El pasado 26 de enero de 2026, la presidenta de México, Claudia Sheinbaum, escribió una carta al presidente surcoreano para pedirle que el grupo de K-Pop BTS venga más días a México. Tras el caos generado por la preventa de boletos para los conciertos de la banda surcoreana BTS en la Ciudad de México —donde más de un millón de jóvenes intentaron conseguir una de las apenas 150,000 entradas disponibles—, la mandataria anunció en una de sus mañaneras el envío de una carta diplomática al presidente de Corea del Sur, Lee Jae-myung. La justificación fue:
"Todavía no recibo la respuesta, pero esperemos que sea positiva o que permita alternativas, como pantallas, para que los jóvenes tengan acceso a este grupo que es tan famoso en México" - Claudia Sheinabaum
Sheinbaum argumentó que la alta demanda y las irregularidades en la venta, como la reventa ilegal, ameritaban su intervención directa. Este es un claro ejemplo de lo que los antiguos romanos llamaban "panem et circenses" (pan y circo). Esta locución latina tiene su origen en las Sátiras del poeta Juvenal, escritas en la Roma de finales del siglo I d.C. En su contexto original, el poeta Juvenal criticaba la decadencia del pueblo romano que, a cambio de trigo gratuito (panem) y juegos circenses (circenses), había renunciado a su deber ciudadano y a su derecho a participar en la vida política. En la ciencia política contemporánea, el término describe la estrategia de gobiernos que impulsan el entretenimiento de masas para desviar la atención de problemas estructurales o crisis de legitimidad.

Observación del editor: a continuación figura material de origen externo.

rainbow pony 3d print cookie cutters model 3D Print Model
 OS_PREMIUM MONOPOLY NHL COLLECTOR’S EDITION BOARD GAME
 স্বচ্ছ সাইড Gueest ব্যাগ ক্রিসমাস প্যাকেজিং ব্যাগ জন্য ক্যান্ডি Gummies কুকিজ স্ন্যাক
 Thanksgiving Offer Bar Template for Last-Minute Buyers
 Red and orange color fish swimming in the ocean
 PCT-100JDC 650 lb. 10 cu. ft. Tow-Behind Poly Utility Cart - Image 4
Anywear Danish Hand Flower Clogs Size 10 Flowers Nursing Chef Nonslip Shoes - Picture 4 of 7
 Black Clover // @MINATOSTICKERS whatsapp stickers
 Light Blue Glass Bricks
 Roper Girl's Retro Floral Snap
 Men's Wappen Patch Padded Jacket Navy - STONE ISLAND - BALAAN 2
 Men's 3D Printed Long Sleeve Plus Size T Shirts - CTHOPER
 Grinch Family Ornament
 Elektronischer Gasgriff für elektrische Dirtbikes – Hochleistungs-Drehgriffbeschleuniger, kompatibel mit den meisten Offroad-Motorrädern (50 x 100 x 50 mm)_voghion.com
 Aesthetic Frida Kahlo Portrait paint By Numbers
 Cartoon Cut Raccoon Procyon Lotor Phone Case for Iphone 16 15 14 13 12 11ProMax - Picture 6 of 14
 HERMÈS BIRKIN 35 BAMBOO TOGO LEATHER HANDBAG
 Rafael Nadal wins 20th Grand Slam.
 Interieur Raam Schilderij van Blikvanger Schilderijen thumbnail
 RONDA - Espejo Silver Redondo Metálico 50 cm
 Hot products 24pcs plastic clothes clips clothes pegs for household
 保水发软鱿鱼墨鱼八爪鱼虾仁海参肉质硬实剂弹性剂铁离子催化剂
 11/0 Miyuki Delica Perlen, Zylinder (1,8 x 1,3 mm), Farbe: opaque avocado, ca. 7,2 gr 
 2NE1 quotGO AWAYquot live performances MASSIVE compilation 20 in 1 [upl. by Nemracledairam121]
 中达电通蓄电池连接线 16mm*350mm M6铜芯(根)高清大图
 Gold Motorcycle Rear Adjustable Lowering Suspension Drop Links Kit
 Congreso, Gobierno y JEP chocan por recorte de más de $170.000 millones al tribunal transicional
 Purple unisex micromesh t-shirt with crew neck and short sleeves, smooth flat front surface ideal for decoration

Del mismo modo, mientras el aparato diplomático mexicano se moviliza para asegurar más fechas de un espectáculo musical coreano, el país continúa sumido en una crisis de violencia e inseguridad que alcanza niveles alarmantes. En una nación donde los feminicidios y las desapariciones forzadas son heridas abiertas, y donde la desigualdad económica sigue marginando a millones, la prioridad presidencial sobre un concierto de K-pop parece más una táctica distractora que una medida política legítima.